Amoris laetitia, un guide pour chaque famille
L’exhortation apostolique Amoris laetitia – la joie de l’amour- est comme un « guide pour vivre avec joie l’Évangile de la famille », précisait le pape aux familles. Ce document magistériel a été le ciment de la rencontre mondiale, cité abondamment par les intervenants – célibataires ou mariés – de tous continents. Le cardinal Oscar Maradiaga a ainsi mis en valeur la révolution de la tendresse, un leitmotiv de l’exhortation. Pour Eugen Smith du mouvement Cana-Irlande, Amoris laetitia nous aide à apprendre « que nous sommes juste des personnes pas parfaites, qui essayons de nous aimer ». D’autres conférenciers ont montré comment peut s’incarner l’appel du texte à mieux intégrer : les migrants et réfugiés, les personnes divorcées, les familles avec un membre handicapé, les personnes homosexuelles, les familles dont un membre est en prison etc. Bien des participants ont découvert qu’Amoris laetitia leur apportait de vraies pistes pour leurs engagements familiaux et pastoraux, ils vont lire le texte!
Abus sexuels, abus de pouvoir, abus de conscience
Ces aspects positifs ne peuvent masquer que le drame des abus, présent dans les cœurs et les esprits, a marqué la rencontre. « Quand un membre souffre, toute la famille souffre » avait écrit le pape dans sa lettre au peuple de Dieu. Mentionnées dès la prière d’ouverture du congrès, puis dans des interventions, les victimes ont été remerciées d’avoir osé parler. Mary Collins, une victime irlandaise, a ainsi dit avec force que ces « survivants » n’essayent pas de détruire l’Eglise. A Dublin le pape François a reconnu « l’échec des autorités ecclésiastiques » pour affronter « ces crimes » et souligné au cours de la messe finale leur gravité. Ce sont des «abus de pouvoir, [des abus] de conscience, [des] abus sexuels ». En réaffirmant que « cette plaie ouverte nous met au défi d’être fermes et déterminés dans la recherche de la vérité et la justice » il invitait aussi chacune et chacun à prendre sa part du travail.
Et maintenant
Les joies et les peines ont été partagées, chacun est rentré de Dublin avec quelques pépites à partager.

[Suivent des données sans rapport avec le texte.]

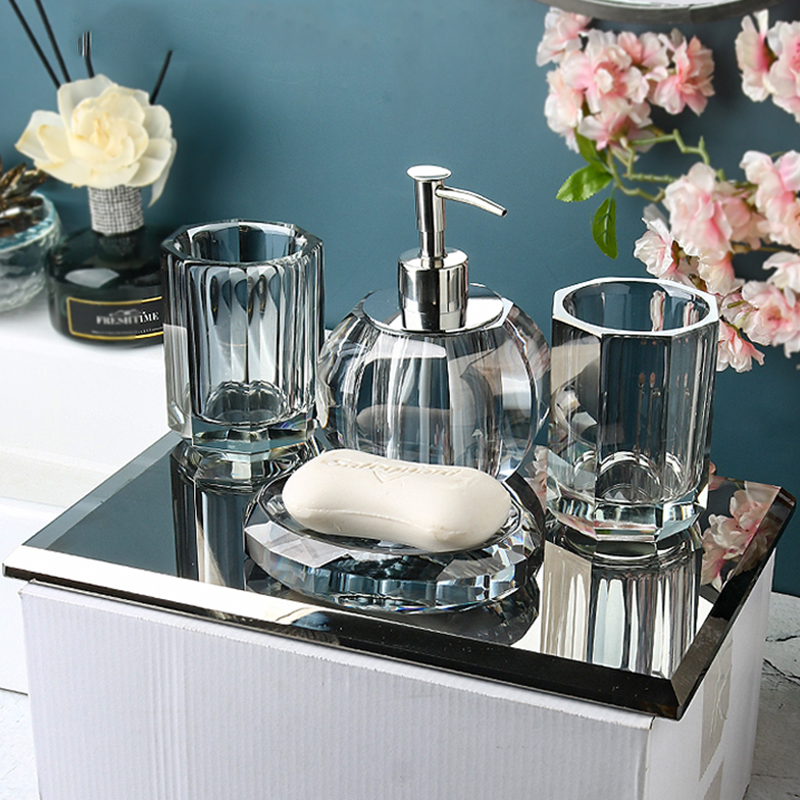 Glass Bathroom Set Image 4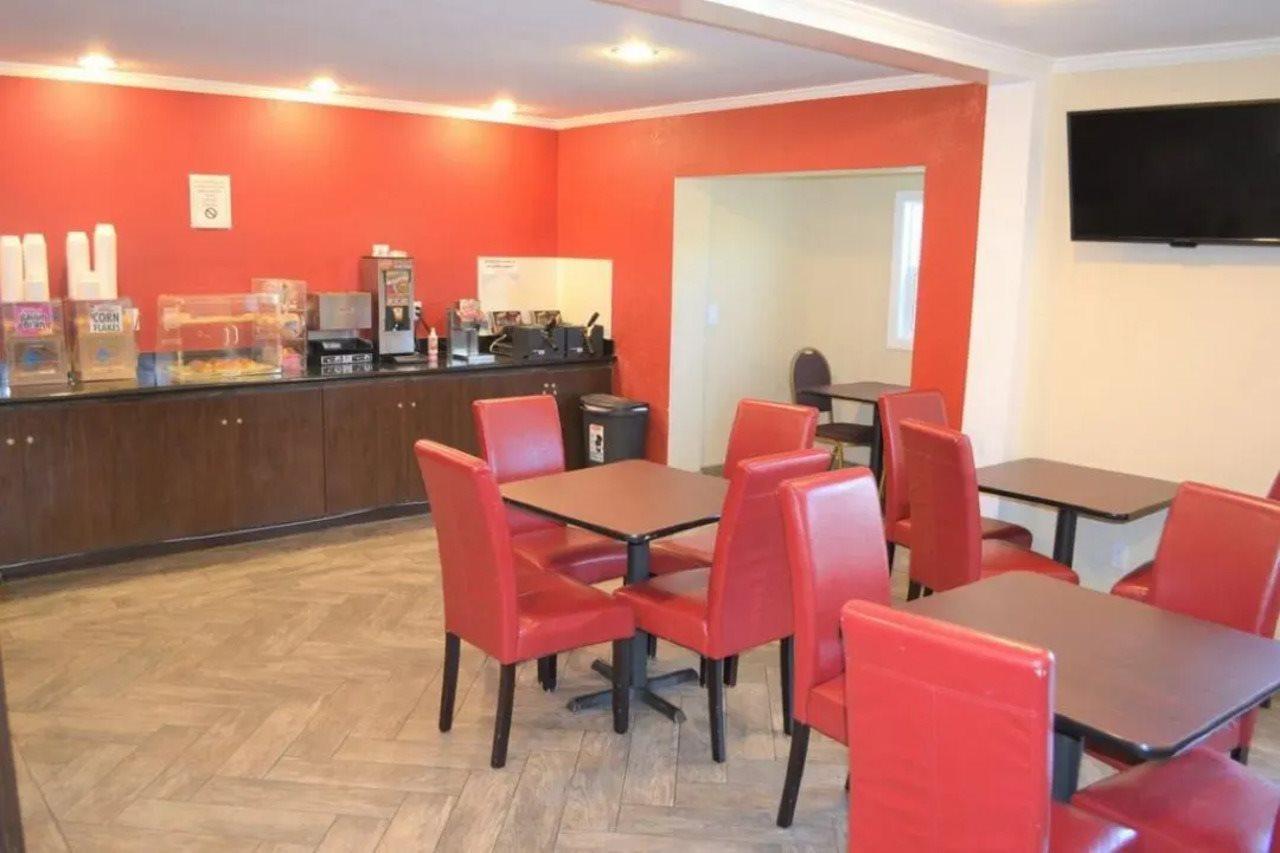 Merced Inn & Suites Экстерьер фото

Les familles françaises peuvent témoigner de leur chance d’avoir participé à cette grande rencontre tout à la fois réaliste et encourageante, comme Dorothée une jeune mère de famille :« Merci pour ce nouvel élan d’amour dans mon cœur malgré les soucis du quotidien et de savoir accueillir l’autre tel qu’il est à Ton image, avec miséricorde et sans condition ».
La prochaine rencontre sera à Rome en 2021, mais c’est bien aujourd’hui que nous sommes appelés à nous soutenir dans la vie familiale. Cela se fait pas à pas, au rythme de chacun et personne ne dit que c’est facile. « L’amour », dit le pape François: « c’est comme pour préparer un thé : c’est facile de faire bouillir l’eau, mais une bonne tasse de thé demande du temps et de la patience ; il faut laisser infuser ».